What other things does the DOE use as crutches? "Well, maybe if you give the radiation slowly it won't hurt as much as if you give it all at once." Now if you have one track through a cell producing cancer, what is the meaning of 'slowly?' You have the track or you don't. It comes in on Tuesday or it comes in on Saturday. To talk about slow delivery of one track through the nucleus is ludicrous. But they do it anyway.

There is a more radical fringe that says, "A little radiation is good for you. And all this stuff about radiation causing harm is bad for society because it's going to prevent the program we think should be instituted, and that program is to give everybody in the country radiation every day as a new vitamin." This program is called hormesis. "A little radiation will give your immune system a kick and help you resist cancer and infectious disease." The chief exponent is a man named Thomas Luckey, formerly of the University of Missouri. He bemoans the fact that we can't get this program into high gear.
The idea is manifestly absurd. But that didn't prevent the DOE from helping to sponsor a conference in 1985 in Oakland on the beneficial effects of radiation, hormesis. And the nuclear enterprise is really at it all the time. They had another such conference in 1987, and another in 1992.
You won't have to bury [nuclear waste] in these fancy vaults. You won't have to worry about transport. You can even dispose of it in ordinary landfills. That will be the result. That's what the future will be. If low doses don't matter, the workers can get more and their families can get more by being in the vicinity. That's what we face.

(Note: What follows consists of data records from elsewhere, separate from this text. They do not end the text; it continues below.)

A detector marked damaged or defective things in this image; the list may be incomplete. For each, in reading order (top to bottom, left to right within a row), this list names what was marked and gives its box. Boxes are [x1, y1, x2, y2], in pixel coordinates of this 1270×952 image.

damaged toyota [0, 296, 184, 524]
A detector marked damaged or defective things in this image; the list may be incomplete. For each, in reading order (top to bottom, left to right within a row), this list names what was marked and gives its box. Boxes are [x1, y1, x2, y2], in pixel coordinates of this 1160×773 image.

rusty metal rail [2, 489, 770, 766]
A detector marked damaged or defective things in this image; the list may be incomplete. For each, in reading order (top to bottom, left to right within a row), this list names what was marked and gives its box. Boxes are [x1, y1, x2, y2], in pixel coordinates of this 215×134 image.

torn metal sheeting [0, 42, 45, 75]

By the way, medical radiation, from x-ray machines, is roughly twice as harmful per unit dose as Hiroshima-Nagasaki radiation.
It's the effect of linear energy transfer.
When gamma rays or x-rays set electrons in motion, the electrons are traveling at a lower speed than the electrons coming out of Cesium-137. And as a result, when they're traveling at a lower speed, they interact much more with each micrometer of path they travel. Therefore the local harm is much greater. So medical x-rays set in motion electrons that are traveling at a lower speed and hence producing about twice the linear energy transfer, and hence twice the biological effect. That's why alpha particles from radium or plutonium are so much more devastating than beta rays set in motion from x-rays. The alpha particles, with their heavy mass and plus-2 charge, just rip through tissue so strenuously that they don't go very far.
A deception of the crassest sort are the lectures by pro-nuclear people showing a plutonium or radium source and putting up a piece of paper and showing that the alpha-particle radiation on the other side is zero. "You see, a piece of paper will stop those alpha particles, folks, there's no problem with plutonium." Except when that alpha particle is lodged next to an endosteal cell in the bone and producing a horrendous amount of interaction. Or that alpha particle is lodging on the surface of the bronchi — that's why we've got an epidemic of lung cancer among the uranium miners! The fact that they don't travel far is because they interact like hell!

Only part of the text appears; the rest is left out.